**Brief:** In the data below, find the line with "Chữa đau dạ dày bằng hoa chuối" and the line with "ROBBANY MAXI BY UWAIS", then restate both and every line between them exactly, minus the pictures.

(Records to use)

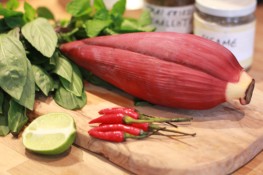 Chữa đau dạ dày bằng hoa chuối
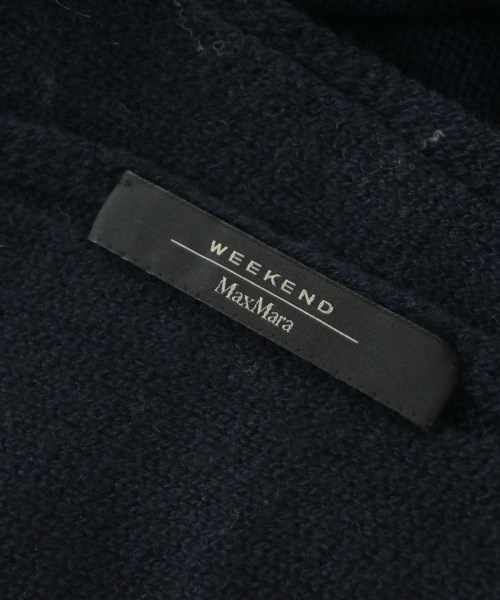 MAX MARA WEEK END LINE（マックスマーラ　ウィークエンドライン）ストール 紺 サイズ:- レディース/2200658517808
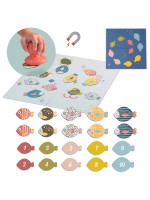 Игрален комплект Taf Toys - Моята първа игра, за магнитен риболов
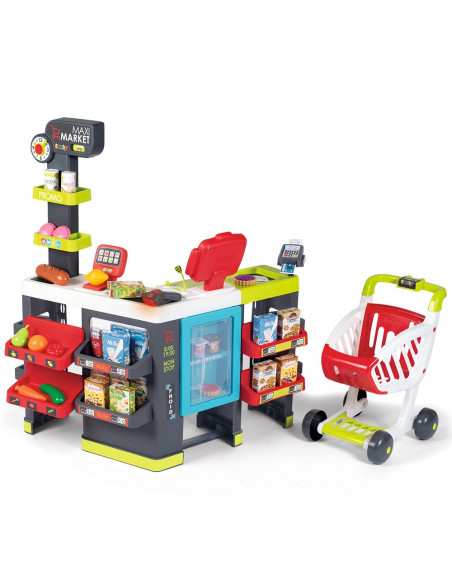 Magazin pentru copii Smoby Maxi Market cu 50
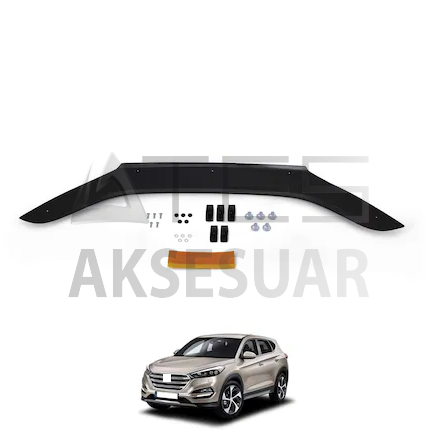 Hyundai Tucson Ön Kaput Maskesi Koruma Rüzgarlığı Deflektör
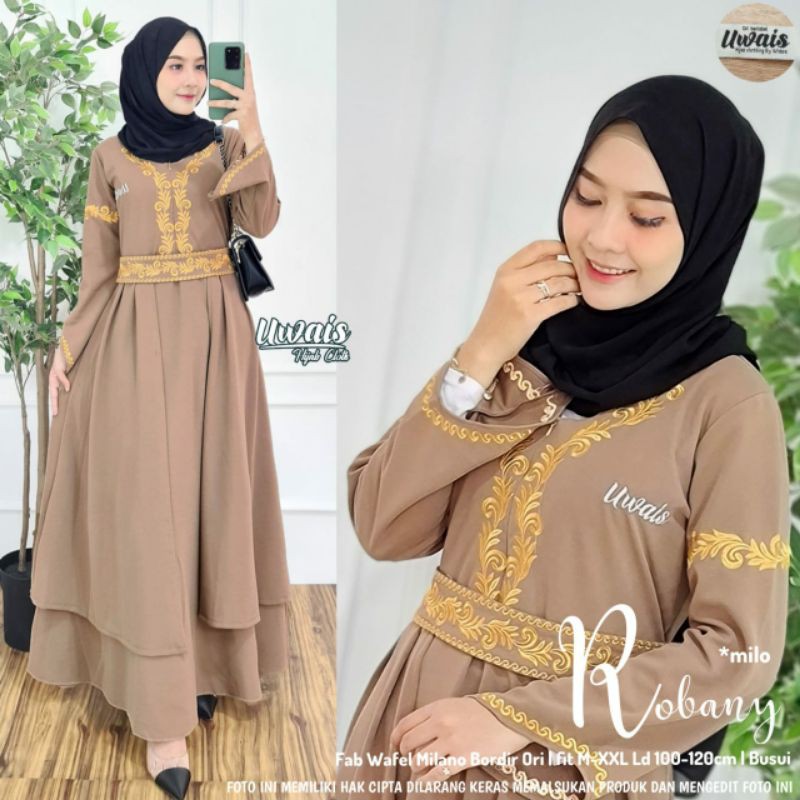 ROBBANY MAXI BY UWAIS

(End Records to use)
(Records to use)

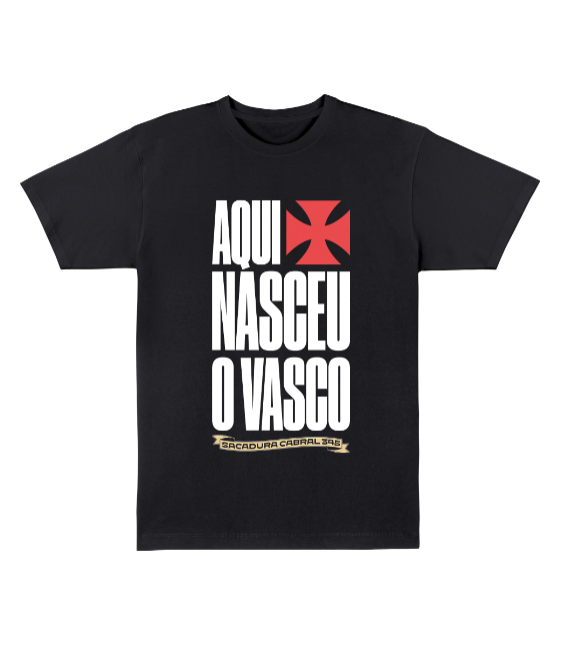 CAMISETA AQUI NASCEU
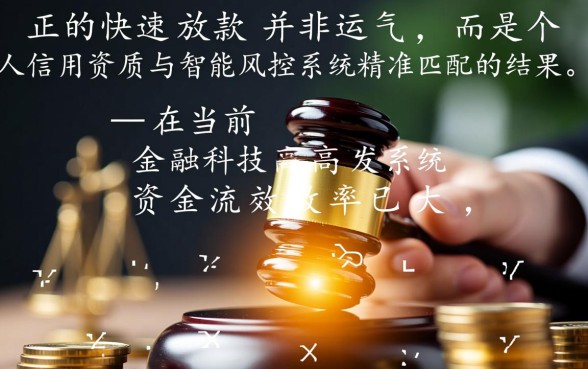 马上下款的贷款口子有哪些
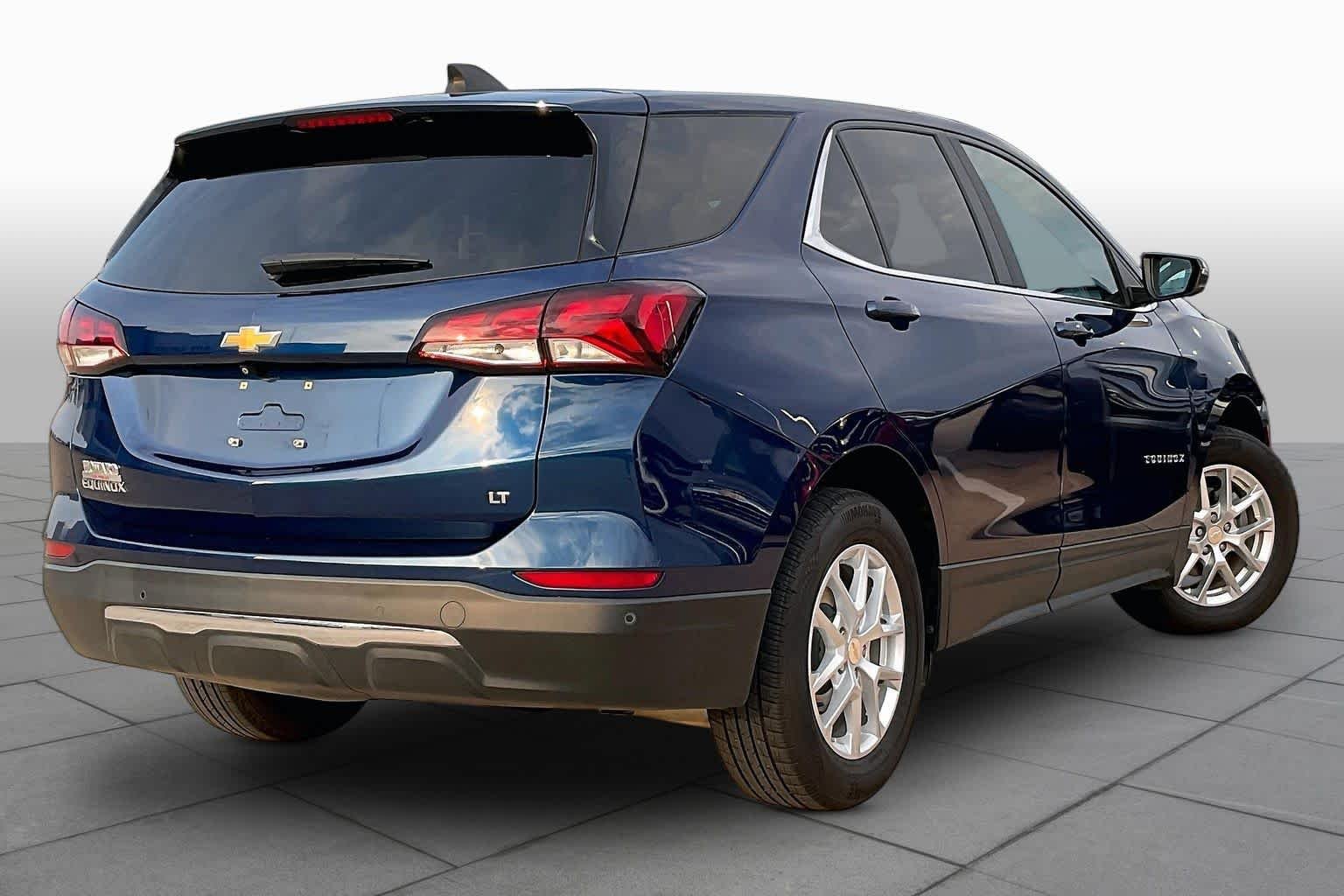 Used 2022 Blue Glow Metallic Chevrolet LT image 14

(End Records to use)

**Result of this exercise:**
 Chữa đau dạ dày bằng hoa chuối
 MAX MARA WEEK END LINE（マックスマーラ　ウィークエンドライン）ストール 紺 サイズ:- レディース/2200658517808
 Игрален комплект Taf Toys - Моята първа игра, за магнитен риболов
 Magazin pentru copii Smoby Maxi Market cu 50
 Hyundai Tucson Ön Kaput Maskesi Koruma Rüzgarlığı Deflektör
 ROBBANY MAXI BY UWAIS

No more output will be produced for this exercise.